SBIFF 2011 Modern Master Award given to Christopher Nolan, presented by Leonardo Dicaprio, at the Arlington Theatre Jan.30, 2011
Paul Wellman

Opinions vary widely when it comes to tastes in movies, especially in a definitely cross-cultural supermarket like the SBIFF, a full service festival. For this obsessive viewer’s money, the first truly great film seen at the fest was the 15th of the weekend, the stunning Romanian film If I Want to Whistle, I Whistle. Director Florin Serban’s film is a deceptively simple tale of a young prisoner festering with a volatile rage (with a staggeringly good performance by first-time actor George Pistereanu). Leave your brainwashed desire for generic movie formula behind and open your mind for new modes of cinematic expression, and a mind-opening experience awaits.

Things aren’t nearly as they seem in this near-masterpiece, by turns slow and stately and bursting with righteous rage, with each extreme radiating the other. We learn gradually and cryptically about the back story of our troubled protagonist’s life and plight, but all the story’s pieces are well in place, right through to the dreamy super-long take two shot of a couple in a coffee shop, a haunting and strangely calming denouement.
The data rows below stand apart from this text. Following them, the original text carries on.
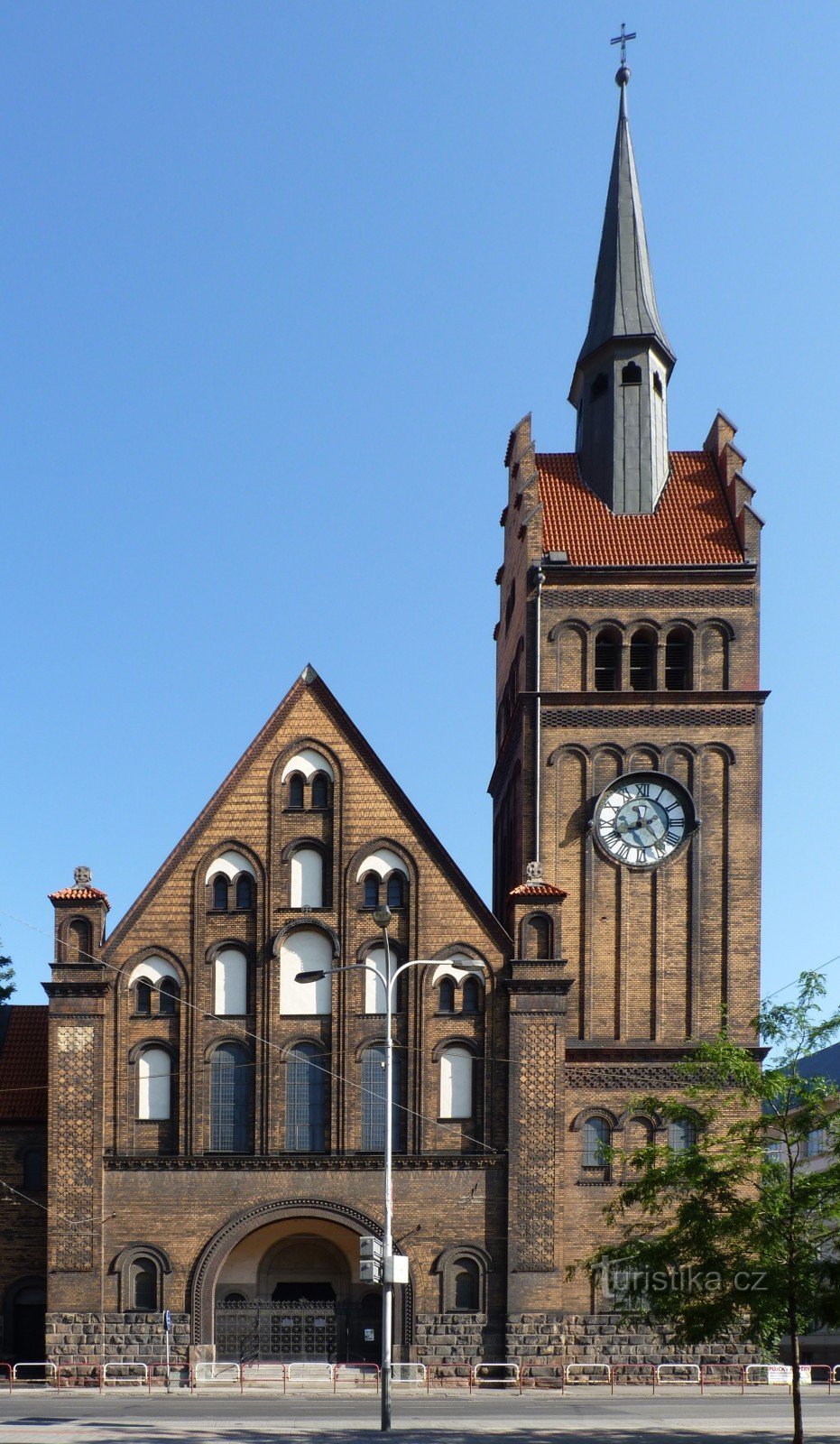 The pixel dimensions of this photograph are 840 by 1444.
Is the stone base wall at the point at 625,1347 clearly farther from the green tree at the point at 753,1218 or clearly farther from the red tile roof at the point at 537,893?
the green tree at the point at 753,1218

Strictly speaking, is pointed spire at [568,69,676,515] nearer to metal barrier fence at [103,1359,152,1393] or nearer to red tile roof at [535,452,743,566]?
red tile roof at [535,452,743,566]

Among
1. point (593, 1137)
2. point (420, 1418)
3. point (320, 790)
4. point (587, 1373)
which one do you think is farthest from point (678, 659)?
point (420, 1418)

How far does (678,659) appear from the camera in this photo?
5509cm

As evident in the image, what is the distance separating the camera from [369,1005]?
49938 millimetres

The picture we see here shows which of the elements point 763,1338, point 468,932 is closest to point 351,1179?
point 468,932

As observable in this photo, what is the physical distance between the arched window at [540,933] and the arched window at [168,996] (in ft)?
32.1

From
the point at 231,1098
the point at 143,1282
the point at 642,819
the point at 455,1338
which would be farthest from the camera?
the point at 642,819

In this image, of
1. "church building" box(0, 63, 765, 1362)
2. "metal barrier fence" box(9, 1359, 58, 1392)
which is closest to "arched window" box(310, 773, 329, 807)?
"church building" box(0, 63, 765, 1362)

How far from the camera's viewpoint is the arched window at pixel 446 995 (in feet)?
164

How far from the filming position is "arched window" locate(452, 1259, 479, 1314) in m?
48.1

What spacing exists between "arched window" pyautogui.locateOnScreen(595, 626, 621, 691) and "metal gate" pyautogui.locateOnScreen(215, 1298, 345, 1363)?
64.6 feet

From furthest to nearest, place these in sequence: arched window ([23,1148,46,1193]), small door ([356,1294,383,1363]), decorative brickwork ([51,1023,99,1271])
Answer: arched window ([23,1148,46,1193]) → small door ([356,1294,383,1363]) → decorative brickwork ([51,1023,99,1271])

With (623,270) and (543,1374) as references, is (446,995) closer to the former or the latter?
(543,1374)

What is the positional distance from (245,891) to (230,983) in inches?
102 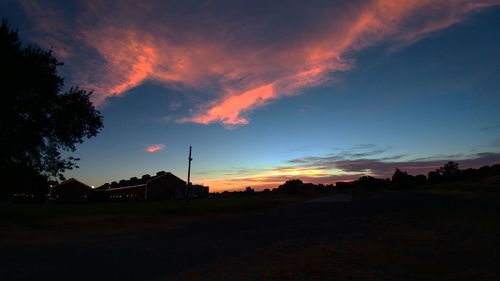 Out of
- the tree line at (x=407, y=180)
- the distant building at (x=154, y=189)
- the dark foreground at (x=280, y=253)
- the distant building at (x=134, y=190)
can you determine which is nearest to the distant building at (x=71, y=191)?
the distant building at (x=134, y=190)

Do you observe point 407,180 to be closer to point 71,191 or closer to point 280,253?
point 71,191

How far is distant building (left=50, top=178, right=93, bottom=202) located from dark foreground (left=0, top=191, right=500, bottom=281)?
77.4m

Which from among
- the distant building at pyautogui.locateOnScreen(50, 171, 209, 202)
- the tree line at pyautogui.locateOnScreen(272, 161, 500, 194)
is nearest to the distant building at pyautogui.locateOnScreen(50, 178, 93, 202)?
the distant building at pyautogui.locateOnScreen(50, 171, 209, 202)

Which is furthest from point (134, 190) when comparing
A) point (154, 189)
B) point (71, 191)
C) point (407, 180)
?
point (407, 180)

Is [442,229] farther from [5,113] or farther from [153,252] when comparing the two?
[5,113]

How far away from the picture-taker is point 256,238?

Although seemingly casual and quasi-cinema verite at times, the film is in fact a work of minimalist genius, which says a lot with a little and leaves a lingering hypnotic effect for those who plug into its special artistic voice. Serban is a new directorial force to reckon with.

Speaking of which…there was the magician director Christopher Nolan, on the Arlington stage for his show of shows on Sunday, looking like his Inception star and award presenter Leonardo DiCaprio. Part of the appeal was a sense of reassurance that he is such a seemingly calm, collected sort, for a man who has so deftly messed with our minds, in Memento and its big budget offspring, Inception. We expect James Cameron to be that way, but there is a maverick loose cannon artiste quality to Nolan’s best movies suggesting he might have a few wobbly mental screws to work out — on us, the willing and admiring audience.

But as he explained, quite clearly, and not in vague or backwards talk, he viewed Inception as his brand of James Bond movie, a more deep and personal variation on the blockbuster boffo biz he’s done between the cracks of his artier fare. He wants to create films involving “a conceptual process with grand scale action,” he said from the comfy chair onstage, and later expanded to comment that he was “trying to fuse my interest in some of my favorite filmmakers — Nicholas Roeg, Terrence Mallick — with… explosions, the entertainment side.” Mission accomplished.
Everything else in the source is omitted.